(Short descriptive text snippets)
=-=-=

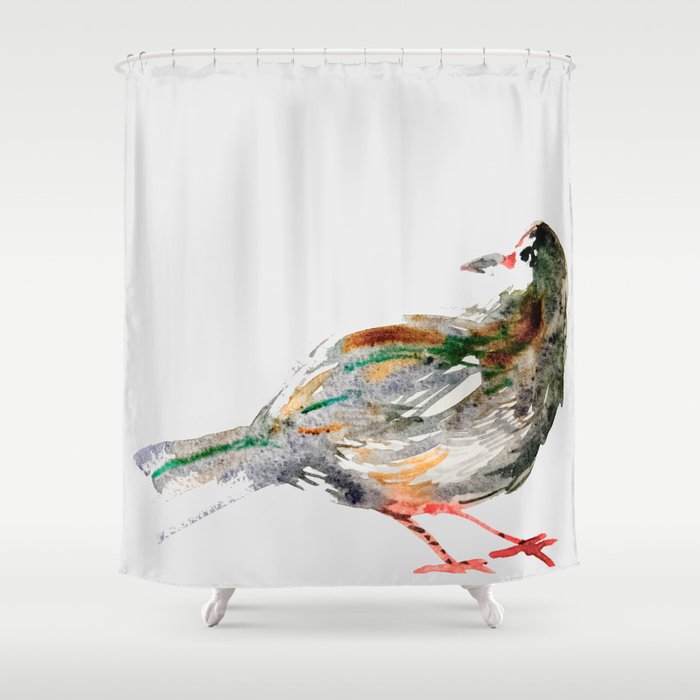 city pigeon Shower Curtain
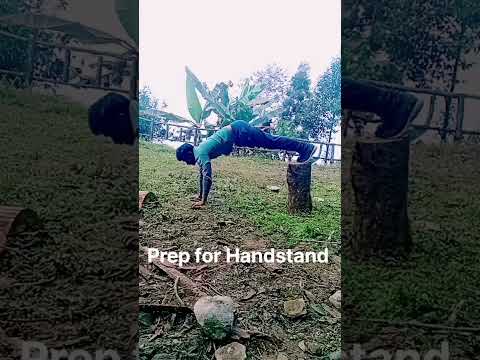 #actor #kalarippayattu #mokshahum #handstand  #exercise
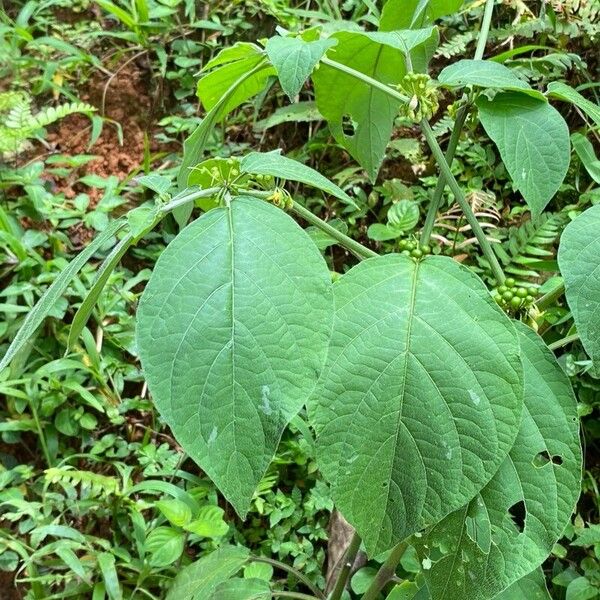 Witheringia solanacea Levél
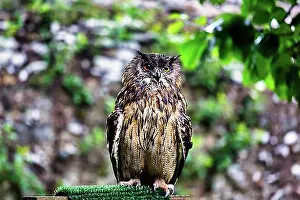 Exterior Photograph Prints: Eurasian eagle-owl (Bubo bubo)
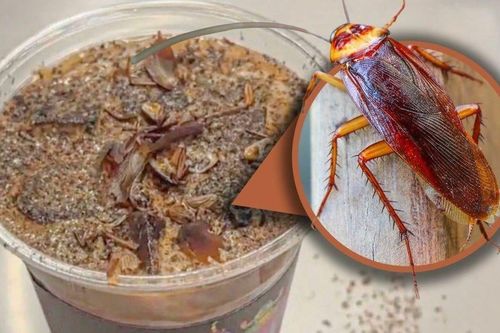 Độc lạ cà phê... gián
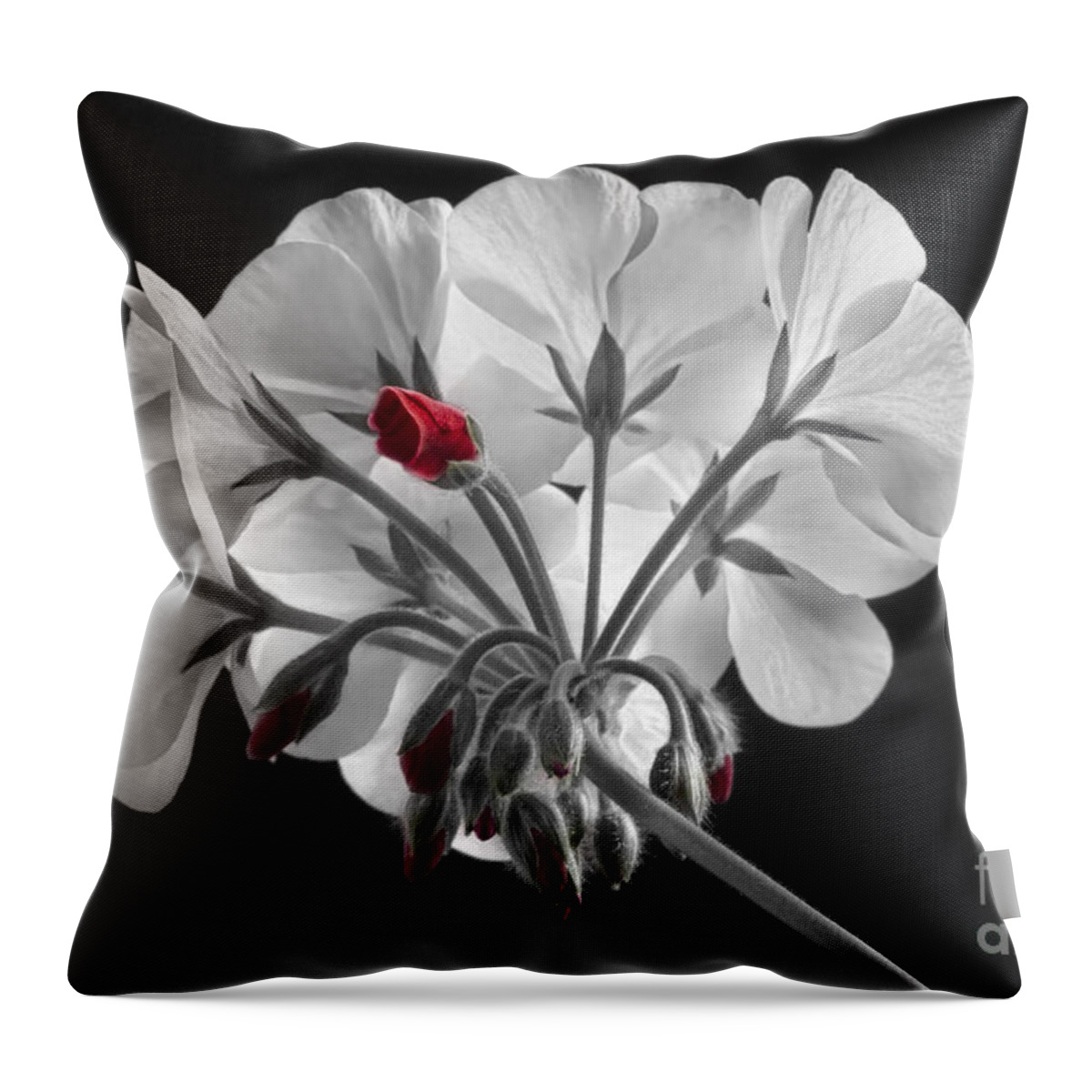 'red Geranium' Throw Pillow featuring the photograph Geranium Flower In Progress by James BO Insogna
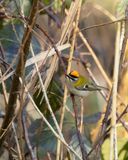 VUURGOUDHAAN - Regulus ignicapilla - COMMON FIRECREST - ROITELET À TRIPLE BANDEAU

=-=-=

— WORK TO BE COMPLETED —
Repeat all the records above exactly, leaving out any pictures.

— THE COMPLETED TASK —
 city pigeon Shower Curtain
 #actor #kalarippayattu #mokshahum #handstand  #exercise
 Witheringia solanacea Levél
 Exterior Photograph Prints: Eurasian eagle-owl (Bubo bubo)
 Độc lạ cà phê... gián
 'red Geranium' Throw Pillow featuring the photograph Geranium Flower In Progress by James BO Insogna
 VUURGOUDHAAN - Regulus ignicapilla - COMMON FIRECREST - ROITELET À TRIPLE BANDEAU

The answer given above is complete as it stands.